Monday, 26 November 2012

Five Benefits to lodging your BAS on time


As we approach the ‘silly season’ many small business owners are busy tackling the day-to-day tasks that come with running a business.  Lodging your BAS on time, not only fulfils your obligations,  it can also be beneficial to your business.


How your business is tracking
Lodging your BAS on time, every quarter, provides you with a snapshot of your business financial position.  From quarter to quarter you will be able to track your business performance & growth. Also you have the added advantage of any discussions with your financial advisers will be on the most up-to-date details of your business.

 
Avoid late penalties
If you don’t lodge your BAS on time with the ATO you may be subjected to a failure to lodge penalty.  The fines can vary in amounts & can be higher if you have poor lodgement history. By lodging your BAS on time, your business will avoid any late penalties.
 

Keep a good lodgement history
If you find yourself in a situation that may require a deferral of payment or if you need to organise s payment arrangement, a good lodgement history will give you an advantage. Lodging your BAS on time means that you maintain a good lodgement history with the ATO.

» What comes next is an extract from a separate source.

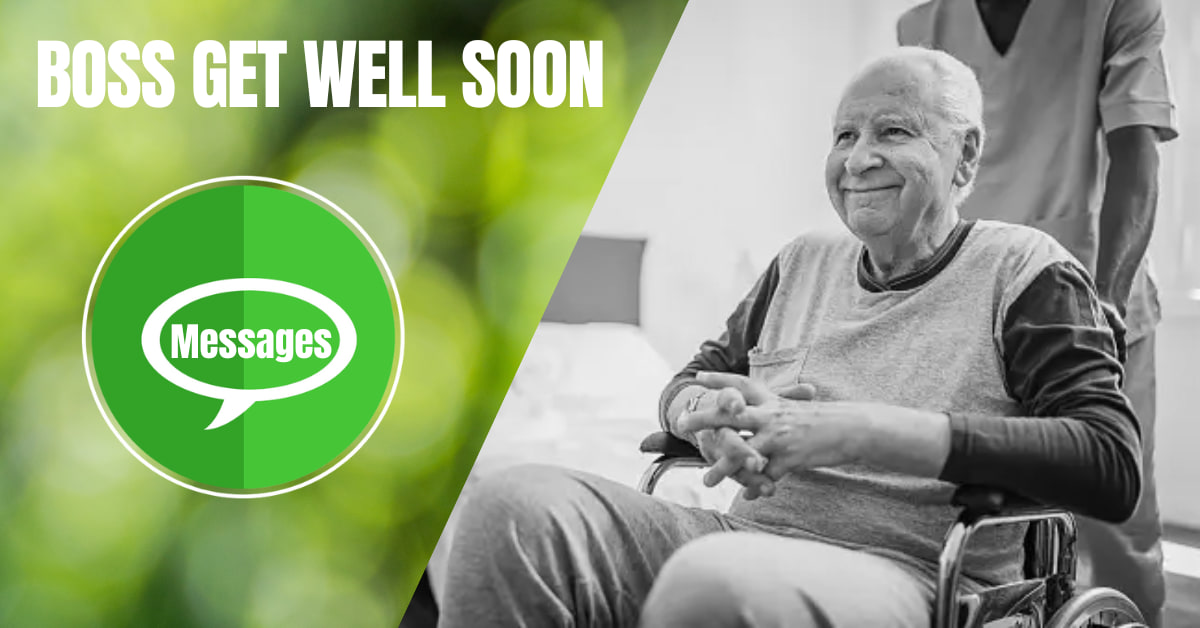 Get Well Soon Messages for Boss and Colleague | YourSelf Quotes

You will have time to organize a payment arrangement
The ATO understands that debt can be a temporary unforseen problem or a cashflow problem, caused by personal circumstances or a short-term downturn.  To help, the ATO offers assistance to small business experiencing financial difficulties by offering them the option of a payment arrangement.

In some cases the ATO offers payment arrangements for activity statement debt, free of general interest charge for up to 12 months.  These payment arrangements are aimed at providing assistance to small business that have a good lodgement history, but are experiencing short-term financial difficulty.

To find out more about ATO assistance visit www.ato.gov.au/debt or contact the ATO on 13 28 66
 

More time to focus on running your business
The ATO are aware that small business owners have many things drawing their attention.  By lodging on time you can direct your attention back to your business.

Remember, even if you cannot pay on time, you still need to lodge your activity statements by: 
28 October,   28 February,   28 April   &   28 July each year

Sunday, 11 November 2012

GST and imported goods

If you are registered for GST and import goods in the course of your business, you can claim input  ax credits for any GST paid on the importation of goods. Most goods imported into Australia will be subject to GST unless:
  • The goods would have been GST-free or input-taxed if supplied within Australia; or
  • The goods qualify for certain customs duty concessions (including goods with a customs value of less than $1,000)
The amount of the GST is 10% of the value of a 'taxable importation' and is payable to The Australian Customs Service.
 
The value of a 'taxable importation' includes:
  • The customs value of the goods;
  • Any customs duty payable;
  • Costs incurred to transport the goods to the port or airport of final destination in Australia, including insurance; and
  • Any wine equalisation tax payable.
You may be able to defer the payment of GST on imported goods by participating in the Deferred GST Scheme which allows you to defer the payment of GST on taxable importations until the first Business Activity Statement you lodge after the goods are imported.